*** SOURCE MATERIAL ***

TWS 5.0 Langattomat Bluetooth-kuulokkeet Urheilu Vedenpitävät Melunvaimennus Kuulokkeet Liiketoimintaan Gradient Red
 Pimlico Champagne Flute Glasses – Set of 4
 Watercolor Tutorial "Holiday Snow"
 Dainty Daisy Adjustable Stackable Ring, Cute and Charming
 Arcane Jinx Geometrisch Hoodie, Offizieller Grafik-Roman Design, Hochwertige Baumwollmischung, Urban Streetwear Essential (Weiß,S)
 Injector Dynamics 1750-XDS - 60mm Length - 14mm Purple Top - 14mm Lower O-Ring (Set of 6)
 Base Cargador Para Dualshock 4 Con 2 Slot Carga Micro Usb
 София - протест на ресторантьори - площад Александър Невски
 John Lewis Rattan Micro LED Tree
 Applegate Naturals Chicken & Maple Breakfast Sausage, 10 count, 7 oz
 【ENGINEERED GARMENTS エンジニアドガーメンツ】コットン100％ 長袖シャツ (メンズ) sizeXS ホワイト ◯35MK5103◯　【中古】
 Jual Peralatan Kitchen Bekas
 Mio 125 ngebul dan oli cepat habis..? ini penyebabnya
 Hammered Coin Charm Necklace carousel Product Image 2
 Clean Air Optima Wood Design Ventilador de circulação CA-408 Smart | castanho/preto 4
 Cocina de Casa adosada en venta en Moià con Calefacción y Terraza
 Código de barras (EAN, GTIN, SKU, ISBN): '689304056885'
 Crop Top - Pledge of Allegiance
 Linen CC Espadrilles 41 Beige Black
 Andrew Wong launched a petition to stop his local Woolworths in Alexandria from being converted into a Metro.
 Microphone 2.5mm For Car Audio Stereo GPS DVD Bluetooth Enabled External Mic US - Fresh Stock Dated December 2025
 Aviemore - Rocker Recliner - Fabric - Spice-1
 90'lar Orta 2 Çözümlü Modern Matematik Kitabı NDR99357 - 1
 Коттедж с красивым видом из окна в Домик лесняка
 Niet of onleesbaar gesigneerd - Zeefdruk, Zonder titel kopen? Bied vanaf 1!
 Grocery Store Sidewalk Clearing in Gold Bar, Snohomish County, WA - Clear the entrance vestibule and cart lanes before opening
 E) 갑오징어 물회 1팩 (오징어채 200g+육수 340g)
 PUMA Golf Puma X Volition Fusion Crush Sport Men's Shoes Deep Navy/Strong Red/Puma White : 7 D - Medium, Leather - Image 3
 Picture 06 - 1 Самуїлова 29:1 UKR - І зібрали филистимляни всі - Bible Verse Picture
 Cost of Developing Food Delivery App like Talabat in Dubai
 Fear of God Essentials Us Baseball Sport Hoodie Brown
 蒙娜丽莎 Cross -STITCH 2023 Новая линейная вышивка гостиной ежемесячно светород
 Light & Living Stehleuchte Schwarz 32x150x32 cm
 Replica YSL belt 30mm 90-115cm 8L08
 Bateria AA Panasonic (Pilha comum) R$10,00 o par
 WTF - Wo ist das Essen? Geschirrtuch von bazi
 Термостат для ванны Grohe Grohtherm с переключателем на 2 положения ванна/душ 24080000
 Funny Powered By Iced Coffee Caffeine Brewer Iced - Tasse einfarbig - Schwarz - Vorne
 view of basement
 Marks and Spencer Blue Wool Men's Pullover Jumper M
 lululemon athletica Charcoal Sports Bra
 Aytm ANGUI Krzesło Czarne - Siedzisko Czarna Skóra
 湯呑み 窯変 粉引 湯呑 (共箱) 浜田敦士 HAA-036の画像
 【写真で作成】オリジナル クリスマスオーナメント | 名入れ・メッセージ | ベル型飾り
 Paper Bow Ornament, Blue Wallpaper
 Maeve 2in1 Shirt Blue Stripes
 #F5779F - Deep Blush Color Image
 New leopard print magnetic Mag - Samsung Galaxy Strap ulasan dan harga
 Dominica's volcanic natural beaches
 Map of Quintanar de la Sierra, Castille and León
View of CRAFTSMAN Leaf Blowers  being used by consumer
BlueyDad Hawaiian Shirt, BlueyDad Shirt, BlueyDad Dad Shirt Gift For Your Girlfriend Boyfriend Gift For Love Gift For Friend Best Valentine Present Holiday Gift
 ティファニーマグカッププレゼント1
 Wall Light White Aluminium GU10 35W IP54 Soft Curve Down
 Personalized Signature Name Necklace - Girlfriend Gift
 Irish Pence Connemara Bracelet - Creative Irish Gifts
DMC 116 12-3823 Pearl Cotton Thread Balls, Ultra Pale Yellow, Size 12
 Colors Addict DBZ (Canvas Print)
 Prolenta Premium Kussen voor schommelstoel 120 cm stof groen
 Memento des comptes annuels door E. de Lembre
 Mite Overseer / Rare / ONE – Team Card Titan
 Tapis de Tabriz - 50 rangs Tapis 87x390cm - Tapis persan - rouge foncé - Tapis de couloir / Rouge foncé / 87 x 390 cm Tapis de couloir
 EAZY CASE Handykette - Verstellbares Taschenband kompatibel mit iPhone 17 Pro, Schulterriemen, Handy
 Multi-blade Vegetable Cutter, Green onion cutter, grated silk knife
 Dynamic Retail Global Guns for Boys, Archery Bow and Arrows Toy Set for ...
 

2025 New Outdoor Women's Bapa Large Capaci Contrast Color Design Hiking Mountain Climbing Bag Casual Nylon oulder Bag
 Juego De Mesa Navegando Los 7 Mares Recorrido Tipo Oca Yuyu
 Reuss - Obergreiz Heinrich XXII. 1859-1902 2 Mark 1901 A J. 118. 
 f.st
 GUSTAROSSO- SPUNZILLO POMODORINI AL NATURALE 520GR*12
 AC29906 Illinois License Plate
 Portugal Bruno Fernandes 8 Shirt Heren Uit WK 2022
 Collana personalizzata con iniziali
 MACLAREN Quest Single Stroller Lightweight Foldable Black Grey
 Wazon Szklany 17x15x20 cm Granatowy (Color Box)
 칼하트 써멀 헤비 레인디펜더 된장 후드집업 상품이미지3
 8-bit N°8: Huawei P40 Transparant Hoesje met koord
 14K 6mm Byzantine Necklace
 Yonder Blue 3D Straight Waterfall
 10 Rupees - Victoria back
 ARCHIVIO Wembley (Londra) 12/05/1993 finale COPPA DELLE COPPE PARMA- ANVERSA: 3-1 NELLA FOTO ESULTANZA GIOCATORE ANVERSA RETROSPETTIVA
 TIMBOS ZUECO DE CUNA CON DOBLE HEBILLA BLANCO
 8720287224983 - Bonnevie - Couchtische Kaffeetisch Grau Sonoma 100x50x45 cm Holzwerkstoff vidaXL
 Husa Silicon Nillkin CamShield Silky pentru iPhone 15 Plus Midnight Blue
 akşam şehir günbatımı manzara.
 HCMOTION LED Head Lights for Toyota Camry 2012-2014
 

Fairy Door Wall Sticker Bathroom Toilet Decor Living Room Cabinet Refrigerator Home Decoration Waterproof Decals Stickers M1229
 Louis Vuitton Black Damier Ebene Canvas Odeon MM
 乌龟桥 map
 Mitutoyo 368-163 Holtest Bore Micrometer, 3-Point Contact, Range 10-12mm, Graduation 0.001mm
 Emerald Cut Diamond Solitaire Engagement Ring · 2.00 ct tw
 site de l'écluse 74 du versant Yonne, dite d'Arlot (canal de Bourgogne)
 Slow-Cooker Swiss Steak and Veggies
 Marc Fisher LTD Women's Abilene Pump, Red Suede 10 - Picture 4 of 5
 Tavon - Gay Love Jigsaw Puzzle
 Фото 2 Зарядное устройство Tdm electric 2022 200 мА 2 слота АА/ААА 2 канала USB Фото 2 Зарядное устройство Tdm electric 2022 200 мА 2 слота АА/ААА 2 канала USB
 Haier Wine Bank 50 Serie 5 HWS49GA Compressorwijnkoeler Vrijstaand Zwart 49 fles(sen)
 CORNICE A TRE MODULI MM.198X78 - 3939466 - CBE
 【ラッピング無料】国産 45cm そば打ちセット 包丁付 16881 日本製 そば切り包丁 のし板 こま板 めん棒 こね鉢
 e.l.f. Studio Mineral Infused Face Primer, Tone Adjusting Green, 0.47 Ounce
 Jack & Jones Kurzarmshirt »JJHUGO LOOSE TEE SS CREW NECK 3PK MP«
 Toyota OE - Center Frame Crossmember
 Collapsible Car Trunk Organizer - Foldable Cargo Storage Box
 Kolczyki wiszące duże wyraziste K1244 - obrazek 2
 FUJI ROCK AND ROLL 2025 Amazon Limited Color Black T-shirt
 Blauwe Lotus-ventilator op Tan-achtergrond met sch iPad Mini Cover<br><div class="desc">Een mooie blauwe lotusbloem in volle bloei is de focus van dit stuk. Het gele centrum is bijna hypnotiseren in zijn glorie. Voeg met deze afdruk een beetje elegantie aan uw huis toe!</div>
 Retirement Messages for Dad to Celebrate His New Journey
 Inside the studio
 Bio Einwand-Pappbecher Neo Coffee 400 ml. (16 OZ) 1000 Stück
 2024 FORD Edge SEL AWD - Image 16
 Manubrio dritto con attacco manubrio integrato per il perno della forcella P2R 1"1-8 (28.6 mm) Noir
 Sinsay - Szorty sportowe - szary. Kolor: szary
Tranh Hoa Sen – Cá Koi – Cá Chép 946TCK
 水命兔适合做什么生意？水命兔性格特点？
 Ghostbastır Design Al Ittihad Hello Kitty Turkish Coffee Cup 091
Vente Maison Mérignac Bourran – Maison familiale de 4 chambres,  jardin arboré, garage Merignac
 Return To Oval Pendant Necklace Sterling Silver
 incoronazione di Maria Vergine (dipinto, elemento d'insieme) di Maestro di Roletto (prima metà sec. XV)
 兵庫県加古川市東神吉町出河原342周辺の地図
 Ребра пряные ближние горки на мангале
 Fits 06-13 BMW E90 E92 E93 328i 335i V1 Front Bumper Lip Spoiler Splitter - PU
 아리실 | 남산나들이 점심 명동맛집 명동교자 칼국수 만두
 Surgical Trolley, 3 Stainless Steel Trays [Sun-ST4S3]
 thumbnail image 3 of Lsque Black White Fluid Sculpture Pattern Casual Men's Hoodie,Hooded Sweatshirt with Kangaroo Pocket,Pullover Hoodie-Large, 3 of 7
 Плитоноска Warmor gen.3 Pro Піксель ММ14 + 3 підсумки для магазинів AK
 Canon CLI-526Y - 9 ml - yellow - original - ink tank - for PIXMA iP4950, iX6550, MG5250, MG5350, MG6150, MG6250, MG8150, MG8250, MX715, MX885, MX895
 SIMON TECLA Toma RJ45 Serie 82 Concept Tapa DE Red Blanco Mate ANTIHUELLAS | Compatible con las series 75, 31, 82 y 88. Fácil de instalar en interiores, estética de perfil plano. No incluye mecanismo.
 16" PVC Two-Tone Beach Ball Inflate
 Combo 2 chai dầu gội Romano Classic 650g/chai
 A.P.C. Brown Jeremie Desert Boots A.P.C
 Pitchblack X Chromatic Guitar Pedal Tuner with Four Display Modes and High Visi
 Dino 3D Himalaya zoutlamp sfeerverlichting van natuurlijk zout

*** End of SOURCE MATERIAL ***

* **ACTION ITEM**:
Please show each line in the records above that contains "Brown".

* **RESULT FOR THIS EXERCISE**:
 Fear of God Essentials Us Baseball Sport Hoodie Brown
 A.P.C. Brown Jeremie Desert Boots A.P.C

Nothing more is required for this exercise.